# Task goal:
Look through the data below for the line with "Page of Swords Tarot Card Canvas" and the line with "La processione della", then transcribe exactly from the first through the second, leaving out all pictures.

# Data to use:
- Opening Delimiter -

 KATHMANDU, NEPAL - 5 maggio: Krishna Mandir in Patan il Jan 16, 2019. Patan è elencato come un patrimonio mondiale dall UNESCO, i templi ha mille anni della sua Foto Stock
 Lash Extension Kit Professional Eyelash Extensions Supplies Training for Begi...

- Closing Delimiter -
- Opening Delimiter -

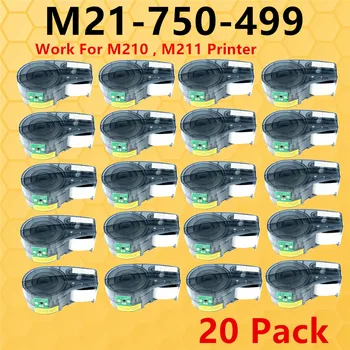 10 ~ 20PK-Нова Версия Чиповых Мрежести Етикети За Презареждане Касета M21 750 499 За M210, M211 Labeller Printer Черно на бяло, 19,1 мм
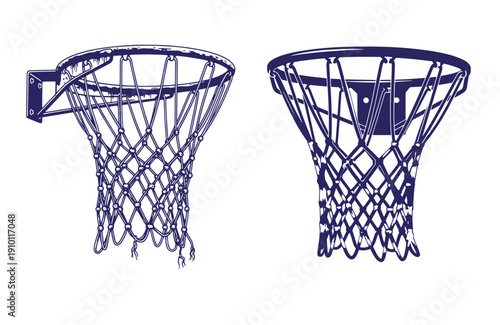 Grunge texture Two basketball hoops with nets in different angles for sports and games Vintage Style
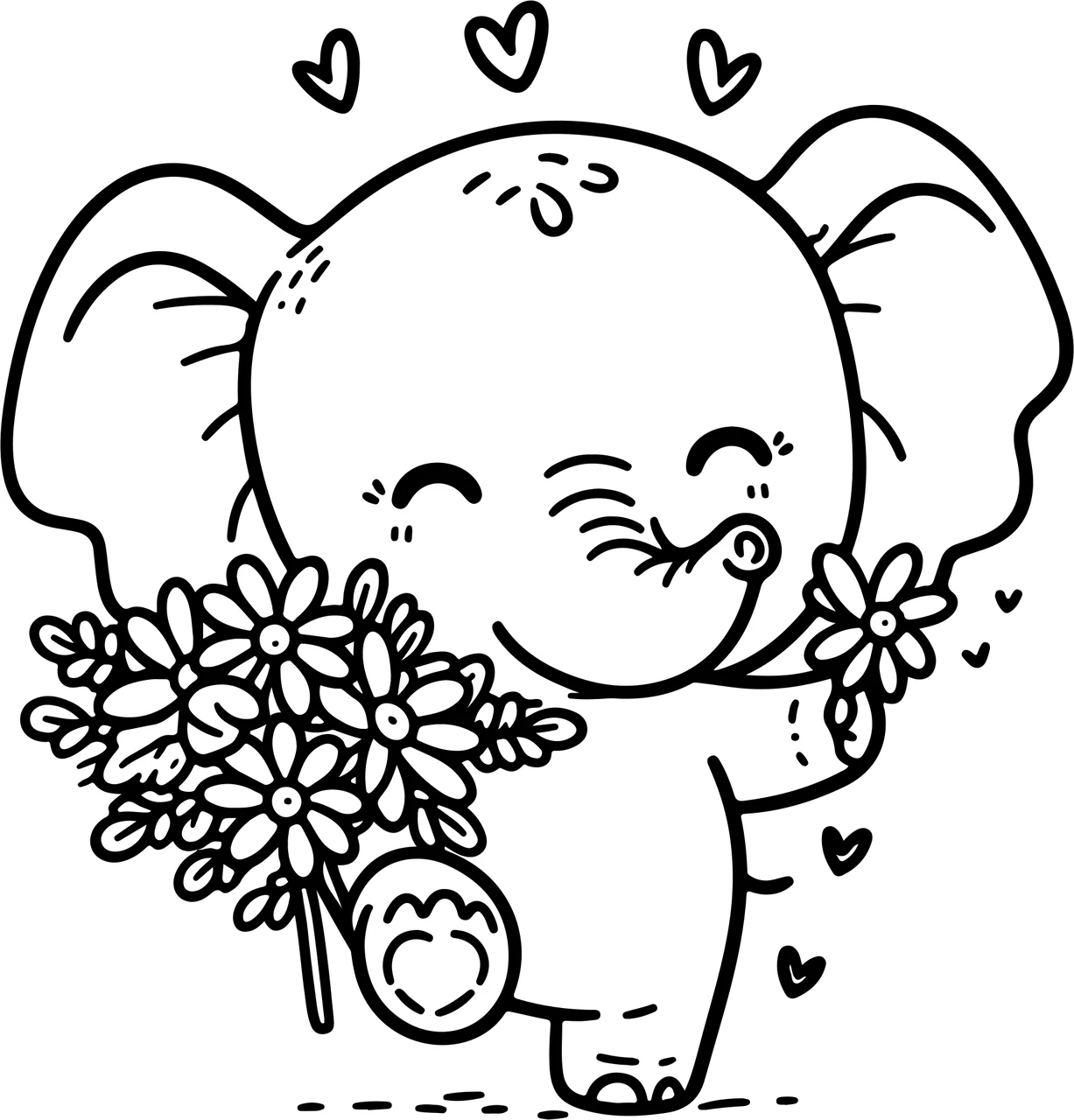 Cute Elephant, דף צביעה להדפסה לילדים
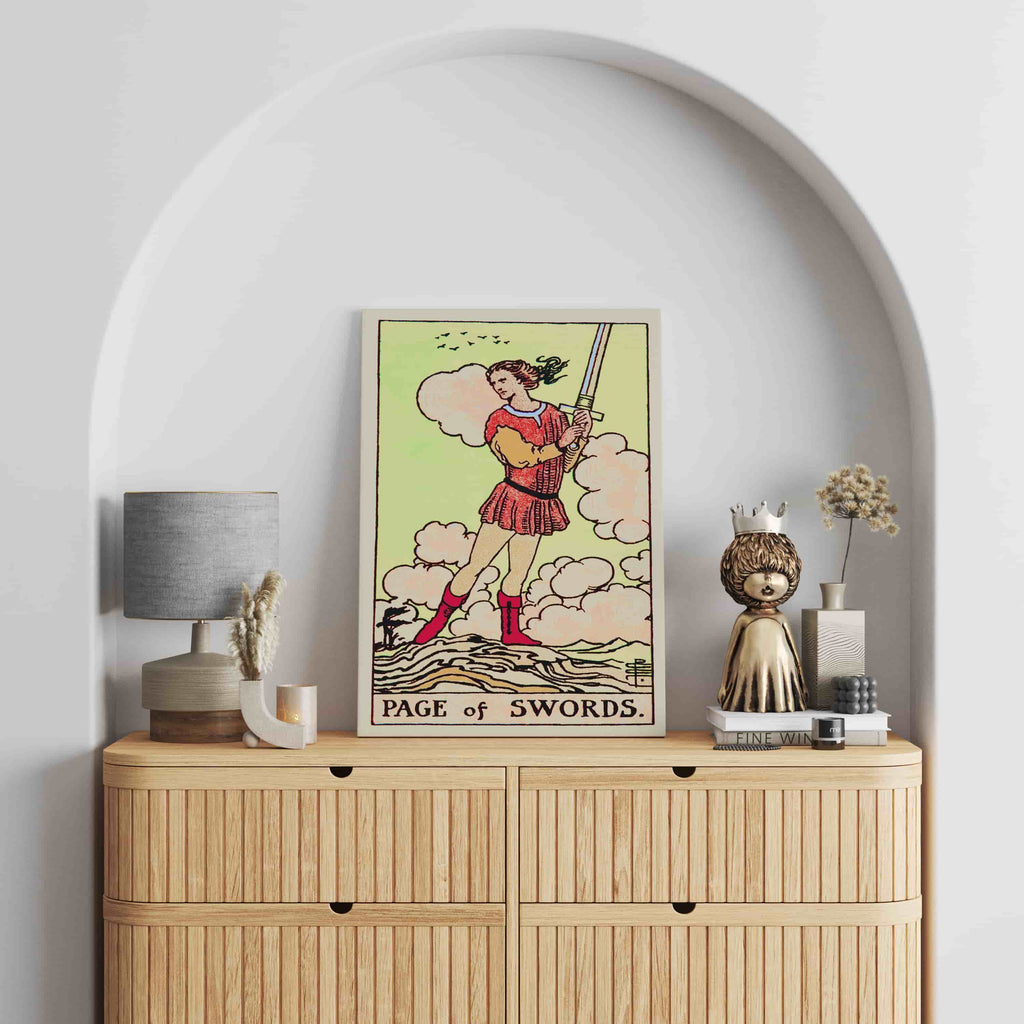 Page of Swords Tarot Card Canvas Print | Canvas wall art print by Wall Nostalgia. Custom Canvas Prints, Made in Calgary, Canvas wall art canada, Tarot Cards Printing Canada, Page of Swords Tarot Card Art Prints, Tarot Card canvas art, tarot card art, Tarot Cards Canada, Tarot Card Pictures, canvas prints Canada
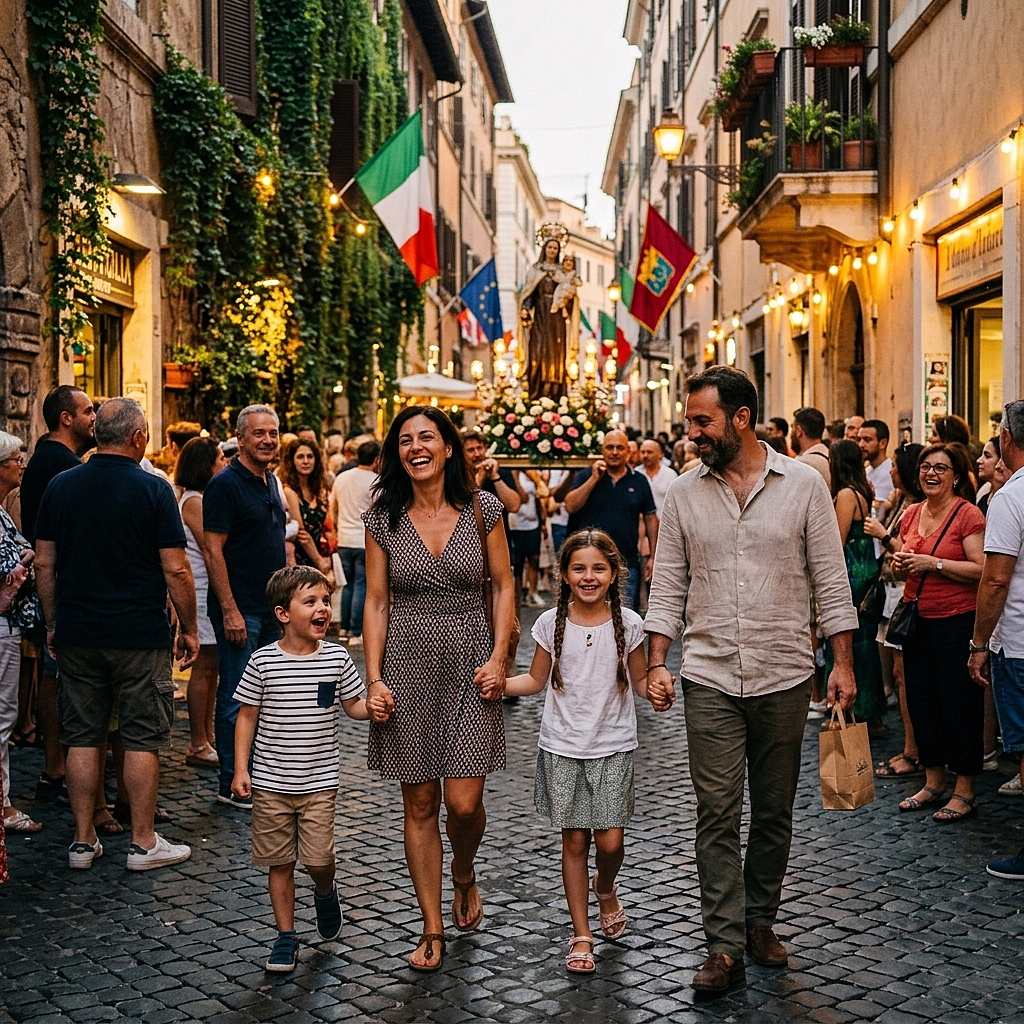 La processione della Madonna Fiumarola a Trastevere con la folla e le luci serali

- Closing Delimiter -

# Worked solution:
 Page of Swords Tarot Card Canvas Print | Canvas wall art print by Wall Nostalgia. Custom Canvas Prints, Made in Calgary, Canvas wall art canada, Tarot Cards Printing Canada, Page of Swords Tarot Card Art Prints, Tarot Card canvas art, tarot card art, Tarot Cards Canada, Tarot Card Pictures, canvas prints Canada
 La processione della Madonna Fiumarola a Trastevere con la folla e le luci serali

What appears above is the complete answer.